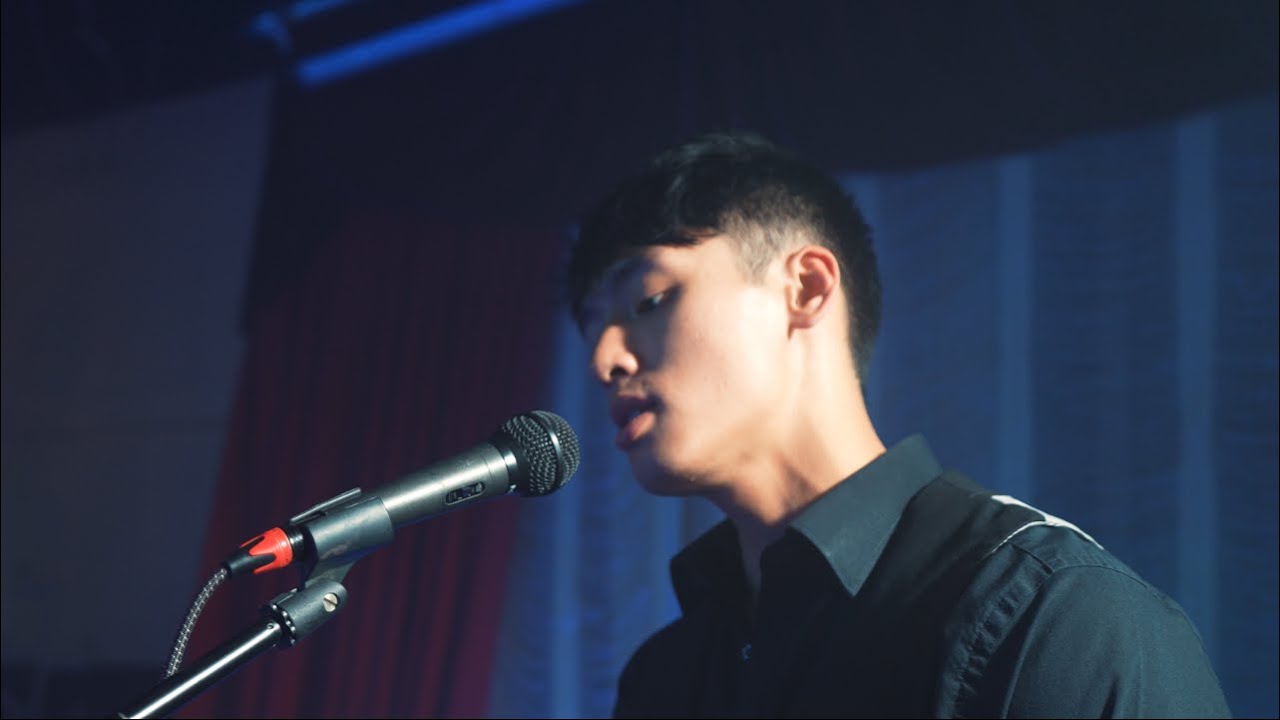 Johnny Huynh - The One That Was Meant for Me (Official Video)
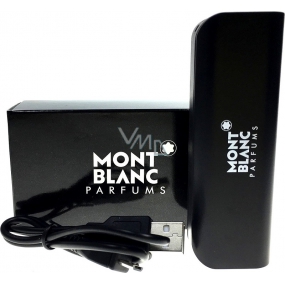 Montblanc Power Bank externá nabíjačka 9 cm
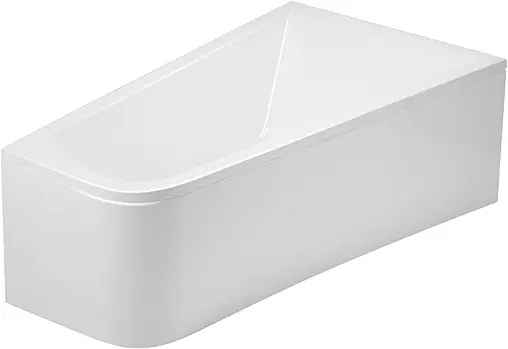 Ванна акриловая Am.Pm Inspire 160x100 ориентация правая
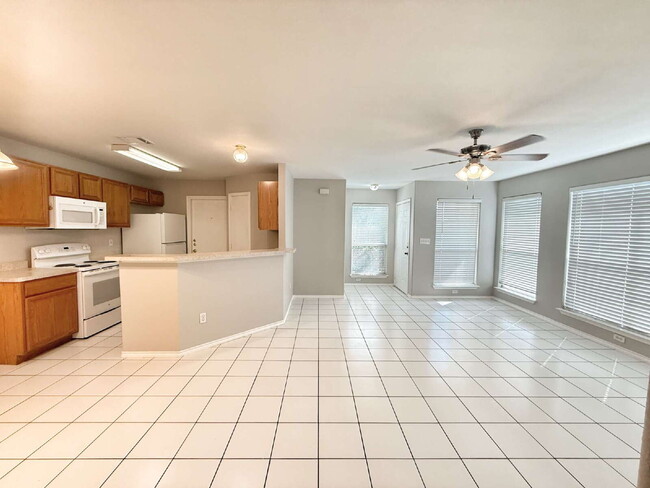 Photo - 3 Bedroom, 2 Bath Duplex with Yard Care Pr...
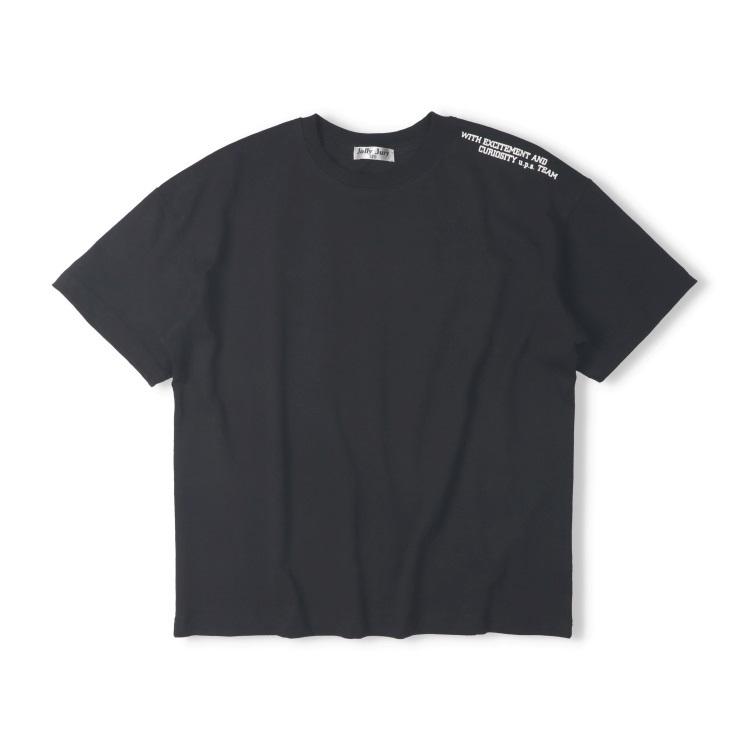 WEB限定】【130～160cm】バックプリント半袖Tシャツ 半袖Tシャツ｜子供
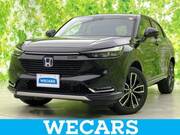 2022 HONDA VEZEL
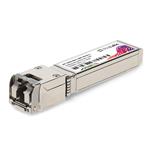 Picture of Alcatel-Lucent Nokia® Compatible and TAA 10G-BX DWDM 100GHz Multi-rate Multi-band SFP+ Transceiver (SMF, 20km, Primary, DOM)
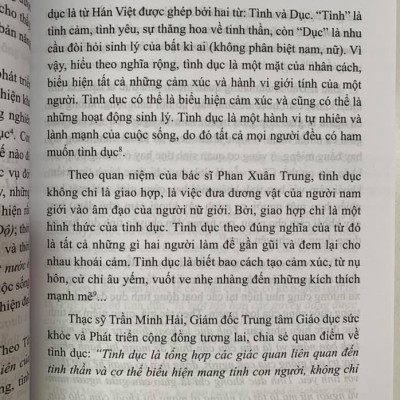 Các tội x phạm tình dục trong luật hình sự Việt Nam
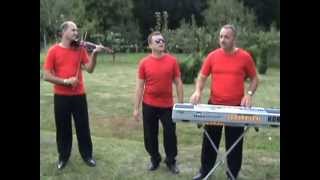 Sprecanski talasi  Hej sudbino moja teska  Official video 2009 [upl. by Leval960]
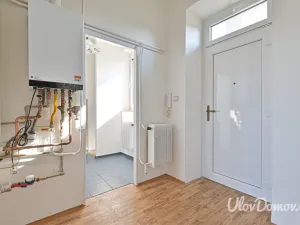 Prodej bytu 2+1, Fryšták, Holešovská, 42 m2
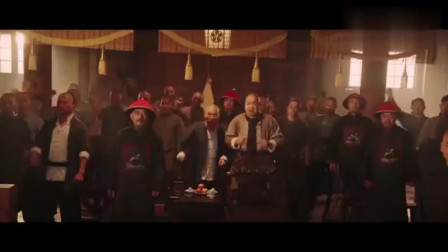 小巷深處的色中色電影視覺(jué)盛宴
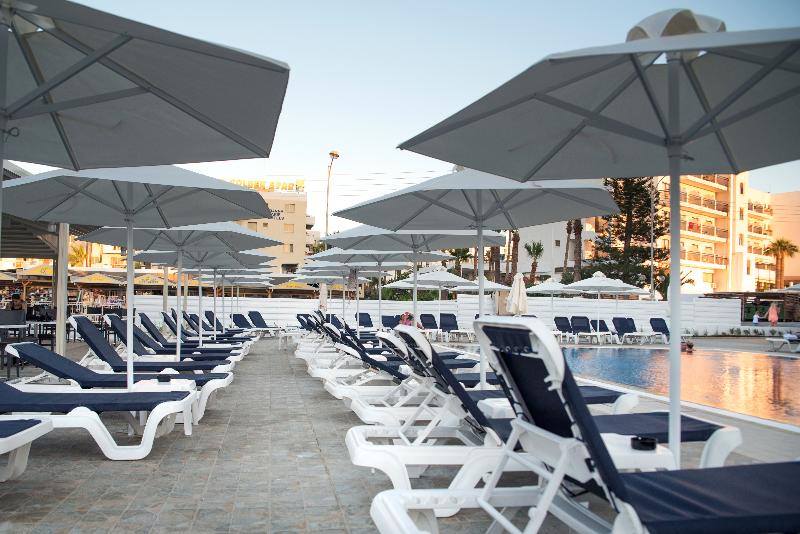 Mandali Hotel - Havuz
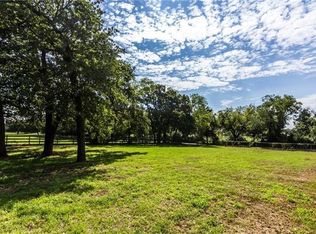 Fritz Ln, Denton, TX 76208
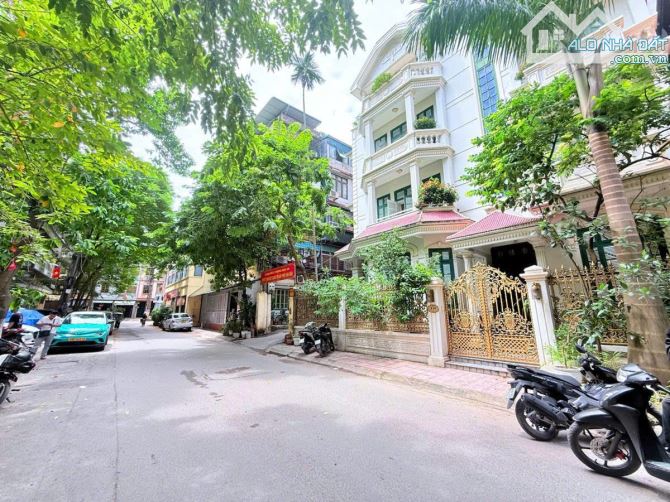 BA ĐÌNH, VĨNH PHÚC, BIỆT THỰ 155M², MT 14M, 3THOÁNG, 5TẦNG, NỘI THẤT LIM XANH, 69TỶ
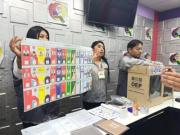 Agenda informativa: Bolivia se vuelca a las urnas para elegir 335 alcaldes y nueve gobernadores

- - -

#### PROBLEM:
Leave the pictures out and print the whole listing precisely.

#### SOLUTION TO THIS EXERCISE:
 Johnny Huynh - The One That Was Meant for Me (Official Video)
 Montblanc Power Bank externá nabíjačka 9 cm
 Ванна акриловая Am.Pm Inspire 160x100 ориентация правая
 Photo - 3 Bedroom, 2 Bath Duplex with Yard Care Pr...
 WEB限定】【130～160cm】バックプリント半袖Tシャツ 半袖Tシャツ｜子供
 2022 HONDA VEZEL
 Picture of Alcatel-Lucent Nokia® Compatible and TAA 10G-BX DWDM 100GHz Multi-rate Multi-band SFP+ Transceiver (SMF, 20km, Primary, DOM)
 Các tội x phạm tình dục trong luật hình sự Việt Nam
 Sprecanski talasi  Hej sudbino moja teska  Official video 2009 [upl. by Leval960]
 Prodej bytu 2+1, Fryšták, Holešovská, 42 m2
 小巷深處的色中色電影視覺(jué)盛宴
 Mandali Hotel - Havuz
 Fritz Ln, Denton, TX 76208
 BA ĐÌNH, VĨNH PHÚC, BIỆT THỰ 155M², MT 14M, 3THOÁNG, 5TẦNG, NỘI THẤT LIM XANH, 69TỶ
 Agenda informativa: Bolivia se vuelca a las urnas para elegir 335 alcaldes y nueve gobernadores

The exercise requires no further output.